What to do.
Drop the images; return everything else in the listing below exactly.
--- Material provided Enclosed Below ---
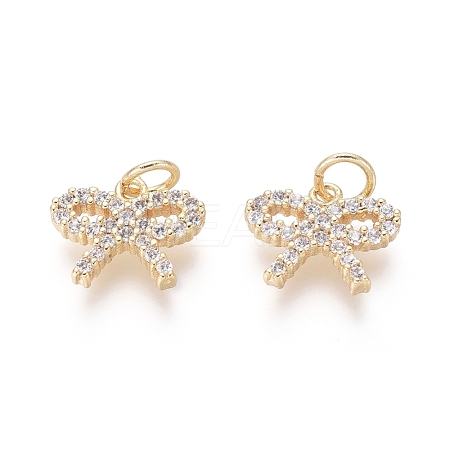 Brass Charms ZIRC-L087-018G-1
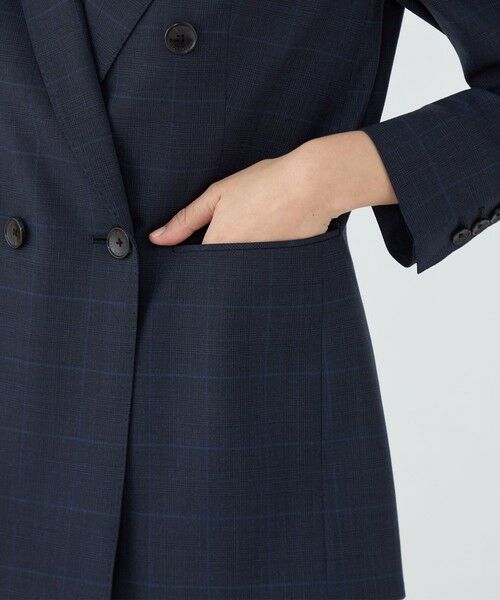 TOMORROWLAND / トゥモローランド テーラードジャケット | 365 BLUE WINDOWPANE ダブルブレストジャケット | 詳細9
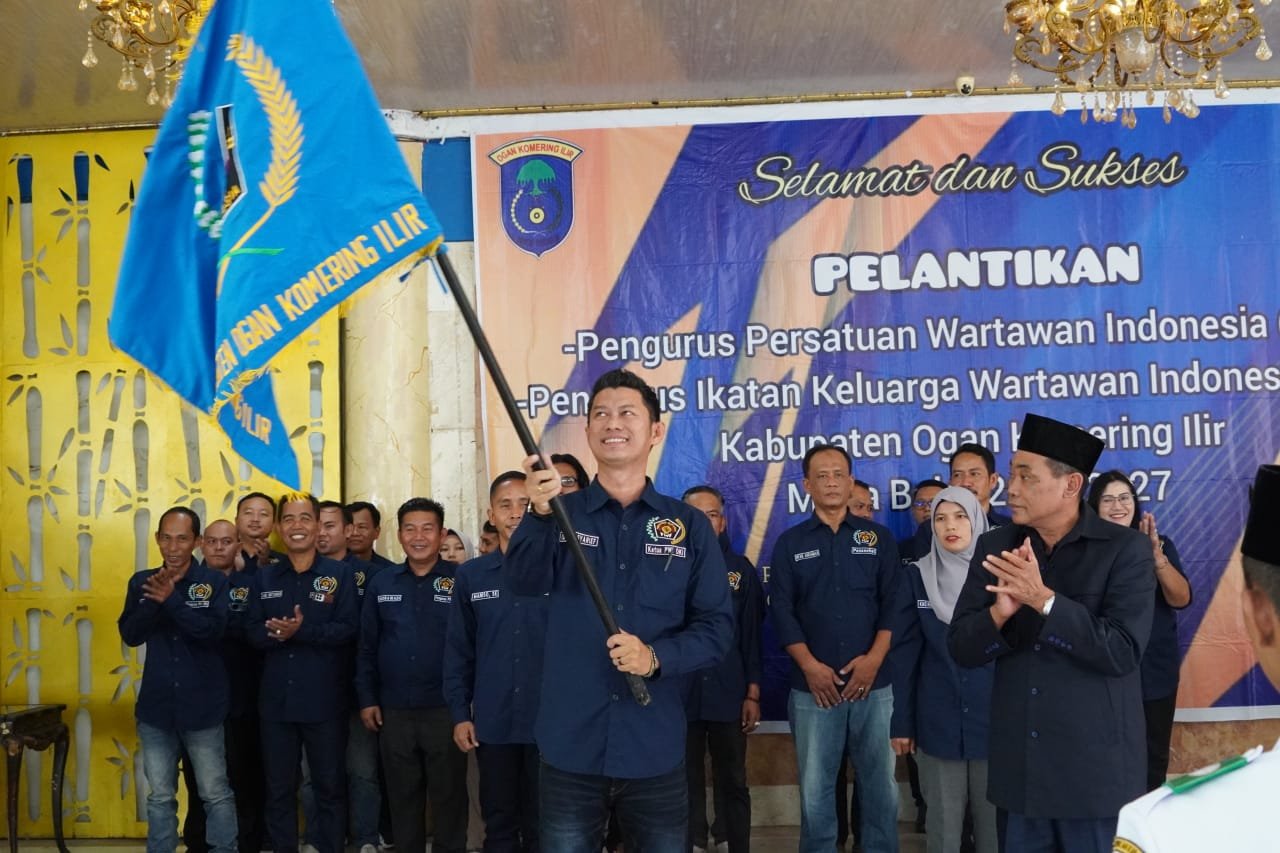 PWI OKI Dikukuhkan, Sekda Ajak Perkuat Sinergi PWI OKI Dikukuhkan, Sekda Ajak Perkuat Sinergi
--- End of Enclosed Material provided ---
Result for this task.
 Brass Charms ZIRC-L087-018G-1
 TOMORROWLAND / トゥモローランド テーラードジャケット | 365 BLUE WINDOWPANE ダブルブレストジャケット | 詳細9
 PWI OKI Dikukuhkan, Sekda Ajak Perkuat Sinergi PWI OKI Dikukuhkan, Sekda Ajak Perkuat Sinergi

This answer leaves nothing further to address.